Scotland's divide
May 3, 2017During the Cold War, Glasgow was sometimes used by film crews as a substitute for Moscow. Scotland's largest city has plenty in common with the Russian city: heavy industry, a skyline filled with concrete tower blocks, grey weather. And, in the marble halls of the Victorian City Chambers, Glasgow had a ready-made double for the Kremlin.
While the Soviet system collapsed in the early 1990s, Glasgow retained the air of a one-party state. Inside the City Chambers Labour has held the reins of power on Glasgow City council almost continuously since World War II.
But that supremacy looks set to come to an end.

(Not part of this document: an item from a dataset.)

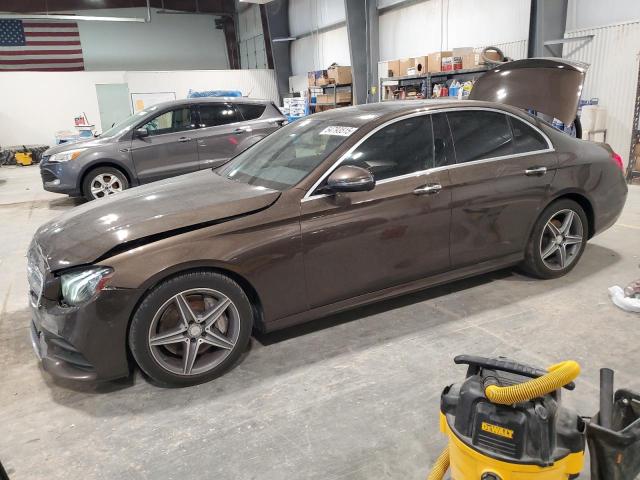 Global Auto Auctions: 2017 MERCEDES-BENZ E 300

Read: Labour adrift in Scotland after losing to SNP, Tories
Losing Glasgow would be the latest in a long line of setbacks for Labour, the onetime "party of Scotland." In recent years, Labour has suffered a series of crushing defeats by the nationalists, culminating in a third place finish in elections to the devolved Scottish parliament last year.
Alex Mosson, a former Labour Lord Provost of Glasgow, says that Labour is still paying the price for actively opposing Scottish independence during the 2014 referendum. "They made a blunder by not having a clearly defined policy to allow people in the Labour movement to support independence," says Mosson who, like a majority in Glasgow, backed a 'yes' vote.
Although the unionists won the 2014 referendum, the following year Labour lost all but one of the 41 seats it held in the Westminster parliament, including all seven in Glasgow. Few commentators expect the party's fortunes to improve in the snap general election called by British Prime Minister Theresa May.
Read: Scottish nationalists take on London over Brexit
"In people's minds now the SNP is just the natural party of government. It's what Labour was a decade ago," says Gerry Braiden, a reporter with the Glasgow Herald. "You have people speaking the same way now that they used to speak about Labour."
Dividing line
Privately the SNP is confident of winning overall control of Glasgow City Council for the first time in the party's history. That would be seen as a major symbolic victory, confirming the nationalists' position as the dominant force in Scottish politics, particularly in former Labour heartlands.
"A lot of traditional Labour supporters in Glasgow - despite what their party were telling them (about Scottish independence) - went on this journey from 'no' to 'yes' and this has just continued," says Feargal Dalton, an SNP councilor in Glasgow's West End.
Independence remains the dividing line in Scottish politics. The Scottish National Party won all but three of Scotland's 59 Westminster seats in 2015, and is hopeful of keeping many of those, especially in former Labour heartlands in Glasgow and the west of Scotland where support for independence was highest.
Brexit has put the issue of Scotland's constitutional future firmly back on the political agenda. In March, first minister Nicola Sturgeon's minority SNP administration in Edinburgh voted to demand the powers to hold a second referendum on leaving the UK.
Read: Scotland makes official bid for new independence vote
But Brexit is causing problems for Scottish nationalists, too. Although almost two-thirds of Scots voted to remain in the European Union as many as 400,000 independence supporters backed Brexit.
What about the day job?
Polls suggest a majority of Scots remain opposed to independence. Conservatives have seen their vote share in Scotland rise to levels not seen since the 1970s, before Margaret Thatcher introduced the economic policies that many Scots still blame for rapid de-industrialization and unemployment.
Scottish Conservative leader Ruth Davidson has said that the June general election is an opportunity to "send a strong message that we oppose SNP's divisive plan for a second referendum." Theresa May has already rejected calls for such a vote, branding it "destabilizing" just weeks before announcing a snap Westminster vote more than three years before the next scheduled election.
Where in 2015 the unionist vote was divided between Conservatives, Labour and the Liberal Democrats, the Tories are hopeful that Scots opposed to independence will coalesce around them.
"You talk about independence and people roll their eyes," says Adam Tomkins, a Conservative member of the Scottish Parliament for Glasgow. "When they switch on the news they see Nicola Sturgeon talking and independence and Brexit. They see she is not getting on with the day job."
Political "miscalculation"
Scottish nationalists maintain that May's snap general election is "a huge political miscalculation." Sturgeon has shied away from explicitly tying the vote to independence but the question of Scotland's constitutional future - both in the United Kingdom and the European Union - is likely to dominate the campaign north of the border.
The SNP has said that the party manifesto will set out in more detail the specifics of the independence pitch, including on EU membership. Meantime, a further announcement on plans for a second referendum was due shortly but this has been postponed. "There is no UK government to talk to," Sturgeon said recently.
Read: UK PM Theresa May rejects call for second Scottish independence referendum
For Labour the challenge is to stay relevant. The party is targeting just three Scottish seats in June's general election.
Glasgow Labour council candidate Maggie McTernan acknowledges that the realignment of Scottish politics has been difficult for her party but has not given up hope.
"It wasn't all that long ago that there were Conservative MPs in Glasgow but now the narrative is that Glasgow is a 'Tory-free city,' it's a 'yes city.' The reality is much more complex than that."